The dual-policy approach of bug abstention and patch validation significantly enhances both the efficiency and trust in agentic Automated Program Repair (APR) systems by strategically reducing the noise associated with unlikely patches. The paper highlights that the bug abstention policy works by "excluding bugs that the agentic APR system is unlikely to fix," thereby preventing the system from wasting resources on problems it cannot effectively address. This preemptive exclusion is crucial as it directly reduces the number of false positives that developers need to review, thus saving time and maintaining trust in the system's outputs.

On the other hand, the patch validation policy serves as a secondary filter by "rejecting patches that are unlikely to be a good fix for the given bug." This policy ensures that only the most promising patches are presented to developers, further minimizing the noise and potential frustration caused by reviewing inadequate solutions. The effectiveness of these policies is empirically measured through experiments conducted on Google's codebase. The results are compelling: "removing bugs and patch trajectories rejected by our policies can raise success rates by up to 13 percentage points and 15 percentage points, respectively, and by up to 39 percentage points in combination." This substantial increase in success rates demonstrates the policies' ability to enhance the reliability of APR systems.

Moreover, the paper reports improvements in "average single-sample success rates" for specific types of bugs, such as null pointer exceptions and sanitizer-reported bugs, when patch validation is applied. These metrics underscore the dual-policy approach's role in not only improving the efficiency of the repair process but also in bolstering developer confidence in the system's outputs. By ensuring that only high-quality patches reach the review stage, the dual-policy approach effectively streamlines the repair process and reinforces trust in automated solutions, paving the way for broader industrial adoption of agentic APR systems.

The dual-policy approach introduced in the paper, "Abstain and Validate: A Dual-LLM Policy for Reducing Noise in Agentic Program Repair," effectively addresses the challenge of noise reduction in agentic Automated Program Repair (APR) systems by implementing two complementary strategies: bug abstention and patch validation. These policies are designed to minimize the presentation of unlikely patches to developers, which is crucial because such noise can "waste valuable developer time and erode trust in automated code changes." By excluding bugs that the system is unlikely to fix (bug abstention) and rejecting patches that are unlikely to be effective (patch validation), the approach significantly enhances the reliability of the APR system.

The implications for developer workload and trust are profound.
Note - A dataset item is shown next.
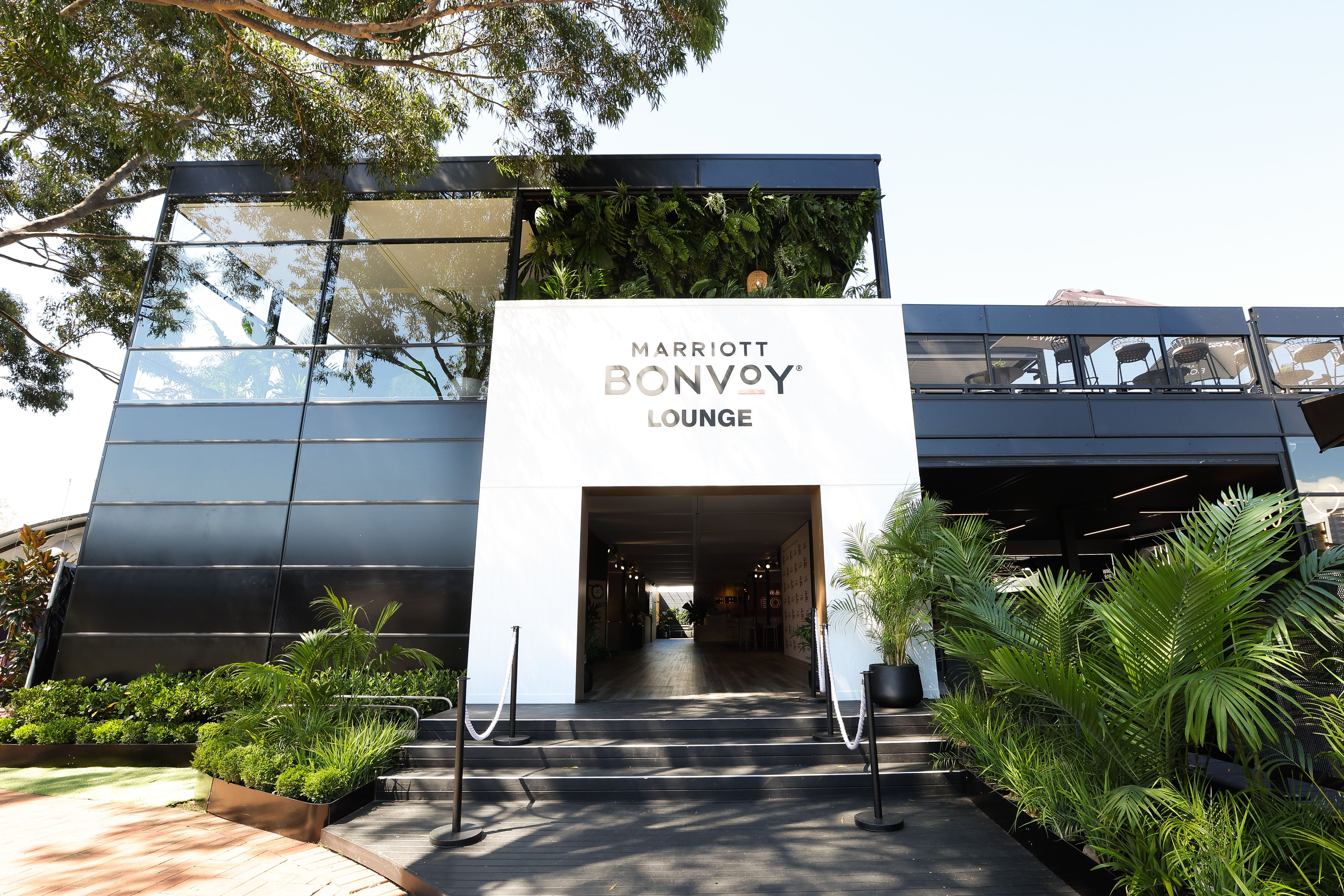 Marriott Bonvoy Lounge entrance with glass facade and greenery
By reducing the noise in the system, developers are less burdened by the need to review and discard ineffective patches. This not only saves time but also helps maintain a higher level of trust in the automated processes. The paper reports that applying these policies can raise success rates by up to 39 percentage points when combined, which underscores their effectiveness in improving the quality of patches presented to developers. This improvement in success rates directly translates to a more efficient workflow, as developers can focus on reviewing patches that are more likely to be correct, thereby reducing the cognitive load and potential frustration associated with sifting through numerous false positives.
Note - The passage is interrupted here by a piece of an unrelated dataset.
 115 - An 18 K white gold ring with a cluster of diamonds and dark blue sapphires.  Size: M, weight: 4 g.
Furthermore, the dual-policy approach provides a "practical path to the reliable, industrial-scale deployment of agentic APR systems." This is particularly significant in large-scale environments, such as Google's codebase, where the volume of bugs and patches can be overwhelming. By streamlining the process and ensuring that only the most promising patches reach human reviewers, the dual-policy approach not only enhances efficiency but also fosters greater confidence in the system's outputs, ultimately supporting a more seamless integration of automated tools into the software development lifecycle.